▶ [Input records]:
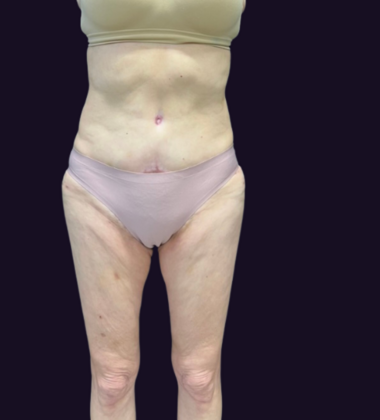Brazilian Butt Lift: Case 6 - Before
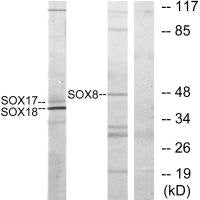 Western blot analysis of extracts from COS7 cells, untreated or treated with serum (10%, 30mins), using SOX8/9/17/18 antibody.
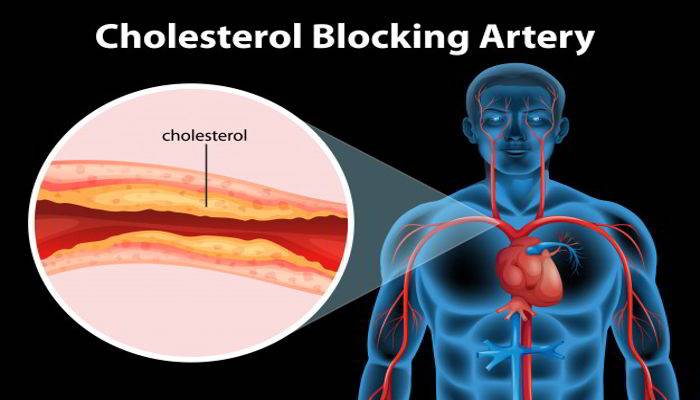 क्या है कोलेस्ट्रॉल - What is The Meaning of Cholesterol in Hindi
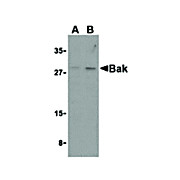 Anti-BAK (RABBIT) Antibody, 100µg, Liquid (sterile filtered)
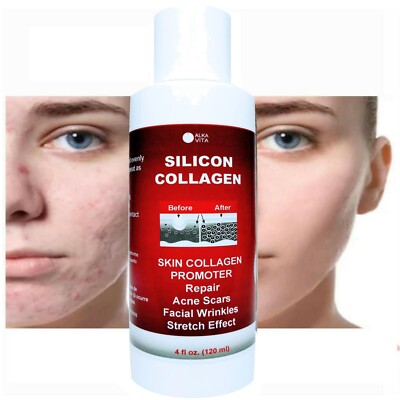 Acne Scars Silicon Collagen Gel Facial Skin Resurfacing Wrinkle Blemish ALKAVITA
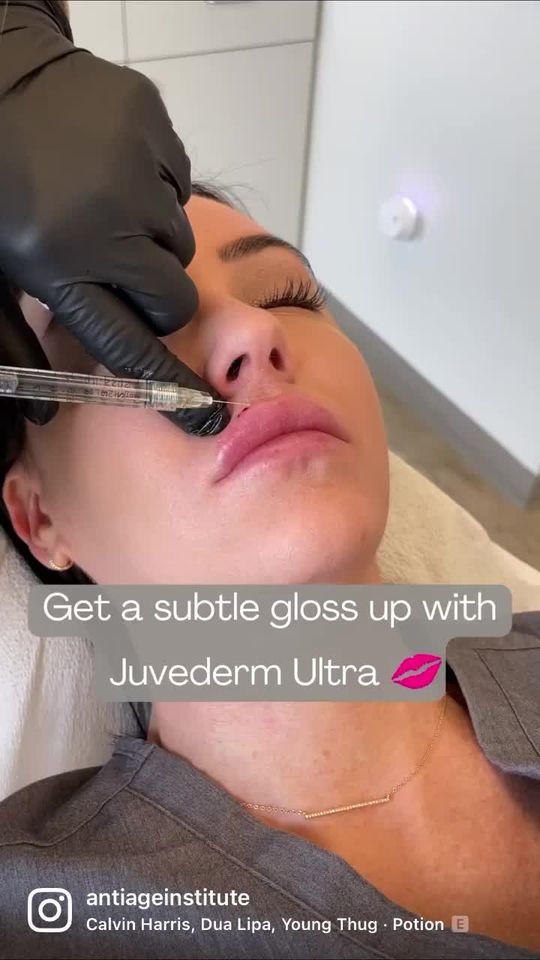 Video by Dr. Richard H. LeConey: Add volume and subtle definition with a syringe of Juvéderm Ultra 👄✨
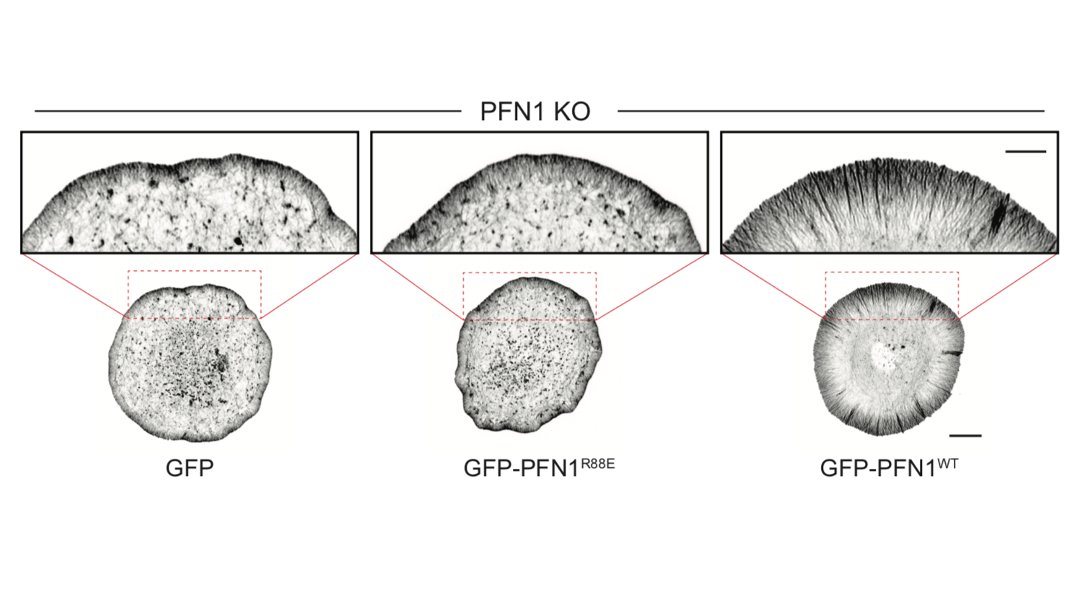 The biggest effects were are the leading edge, though, so we focused our attention there. FYI, the R88E mutant shown below is actin-binding deficient. 18/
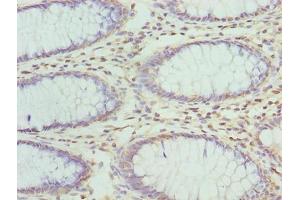 Immunohistochemistry of paraffin-embedded human colon cancer using ABIN7176343 at dilution of 1:100 (ZNF546 antibody  (AA 101-400))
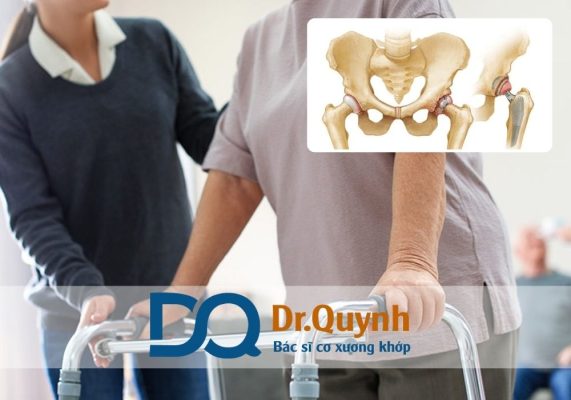 Thay khớp háng cho người cao tuổi Nếu bạn đang cân nhắc phẫu thuật thay khớp háng cho ông bà, cha mẹ, hãy đến gặp CHUYÊN GIA, BÁC SĨ CKI LÊ VĂN QUỲNH để được tư vấn kỹ lưỡng và đưa ra giải pháp phù hợp nhất.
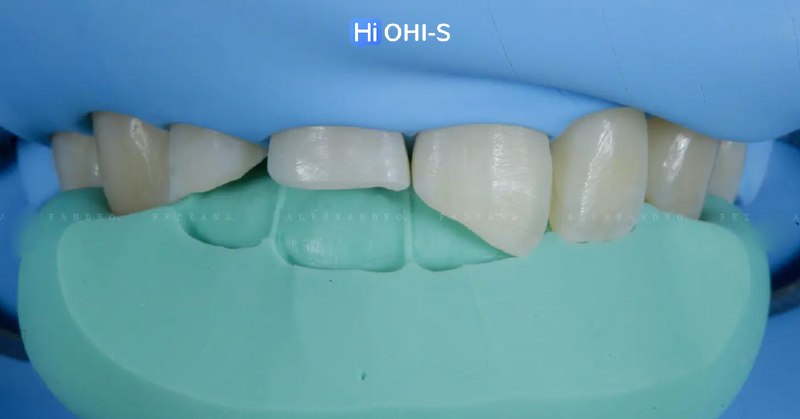 International Schools Working with Composite Restorations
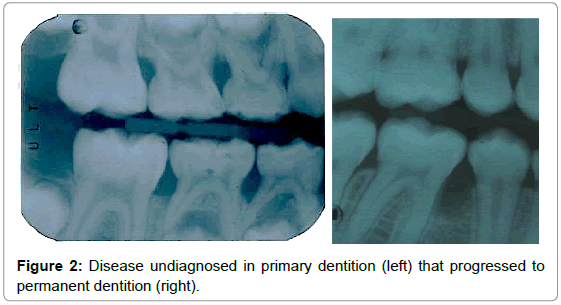pediatric-dental-care-undiagnosed-dentition-progressed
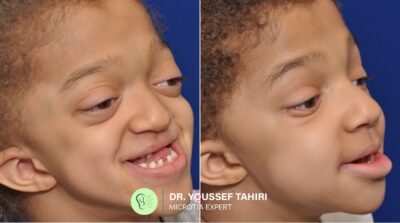 Before & After result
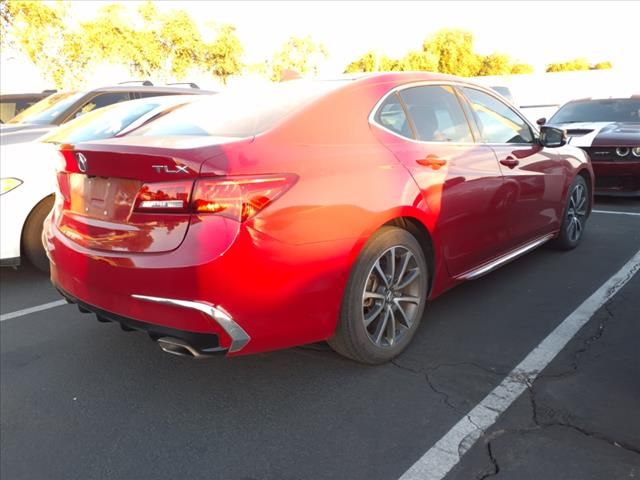 2018 Acura TLX Technology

▶ [Problem statement]:
Output the listing unchanged, pictures excluded.

▶ [Solution for this task]:
Brazilian Butt Lift: Case 6 - Before
 Western blot analysis of extracts from COS7 cells, untreated or treated with serum (10%, 30mins), using SOX8/9/17/18 antibody.
 क्या है कोलेस्ट्रॉल - What is The Meaning of Cholesterol in Hindi
 Anti-BAK (RABBIT) Antibody, 100µg, Liquid (sterile filtered)
 Acne Scars Silicon Collagen Gel Facial Skin Resurfacing Wrinkle Blemish ALKAVITA
 Video by Dr. Richard H. LeConey: Add volume and subtle definition with a syringe of Juvéderm Ultra 👄✨
 The biggest effects were are the leading edge, though, so we focused our attention there. FYI, the R88E mutant shown below is actin-binding deficient. 18/
 Immunohistochemistry of paraffin-embedded human colon cancer using ABIN7176343 at dilution of 1:100 (ZNF546 antibody  (AA 101-400))
 Thay khớp háng cho người cao tuổi Nếu bạn đang cân nhắc phẫu thuật thay khớp háng cho ông bà, cha mẹ, hãy đến gặp CHUYÊN GIA, BÁC SĨ CKI LÊ VĂN QUỲNH để được tư vấn kỹ lưỡng và đưa ra giải pháp phù hợp nhất.
 International Schools Working with Composite Restorations
pediatric-dental-care-undiagnosed-dentition-progressed
 Before & After result
 2018 Acura TLX Technology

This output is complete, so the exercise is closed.